Sunday, November 27, 2011

Wuthering Heights

Keeping with the theme for trying to read broadly, and reading the classics to improve my own writing, I decided to read Emily Bronte's Wuthering Heights.

I didn’t have an expectations when I began reading Wuthering Heights, except that I had heard people talk it being a great love story. I don’t know why people consider it a great love story - it certainly is a fantastic story, but it’s not a romance!

I think it is a novel of despair and redemption. There are a lot of ‘what ifs’ raised during the reading of it. I remember hearing someone saying that if Heathcliff had not left the kitchen when Catherine said that she couldn’t lower herself to marry him, and actually heard how much she loved him, it would have turned out very differently. Certainly, there would not have been so much despair and redemption if Heathcliff had married Catherine. However, he still seemed set on bringing Earnshaw down. He may have done that anyway. Also, Heathcliff’s and Catherine’s personalities were such that they would have caused a lot of trouble for everyone if they teamed up.



The narration of the story is very interesting, going from Mr Lockwood to Mrs Dean, and even Cathy and Heathcliff’s house-keeper have a role in narrating. They all tell the story consistently, and stay true to things like Joseph’s accent. It wasn’t very believable that each would narrate in the same way.

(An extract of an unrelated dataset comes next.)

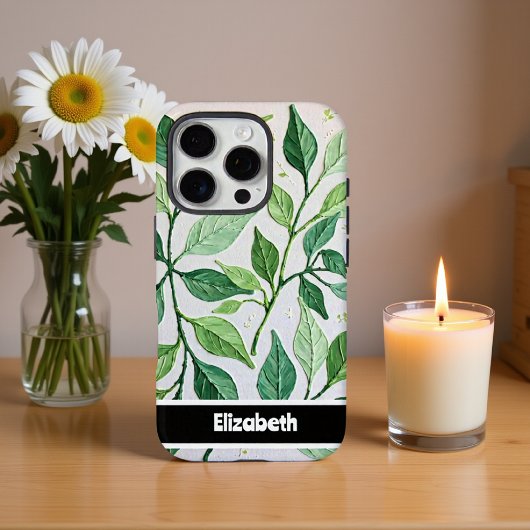 Botanische elegantie Groene bladbloem Case-Mate iPhone Case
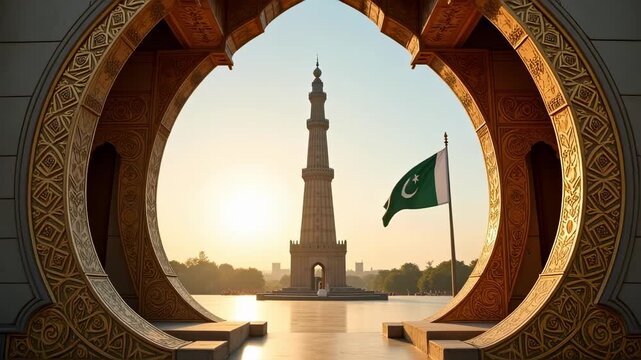 Minar e pakistan and pakistan flag seen through ornate archway at sunrise in lahore pakistan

I considered Mrs Dean to be very culpable in the events. She was always helping couples meet, which caused everything to go wrong in the first place. If she had not conspired with the young people, but been faithful to her masters in each circumstance, things could have turned out very differently.

Bronte was able to create fantastic, unique characters. Even the setting was a character, in a way - the lonely moors, the isolation, the cold. Heathcliff’s character is one of the most unique and interesting characters that I have ever discovered in a novel. Is he evil, or a product of his circumstances? I think he is evil. Certainly, his circumstances were horrible - tortured and loving a woman who he couldn’t have. But many people and characters have experienced those things. It is the way he reacts, and systematically goes about bringing down everyone that he hates. He takes everything off them and makes them miserable, and drives them to death. All for revenge. He doesn’t need the money, and in fact, when he finally succeeds in owning everything and controlling everyone, there’s nothing left for him to do but go crazy and kill himself. I don’t feel any pity for Heathcliff.

I think it was a very satisfying story, in that there is light at the end of the tunnel, and good prevailed over evil in the end. The weather and the landscape all seem to contribute to the good feeling at the end of the novel, as well. Spring, new growth, warmth, and the beginning of new happiness.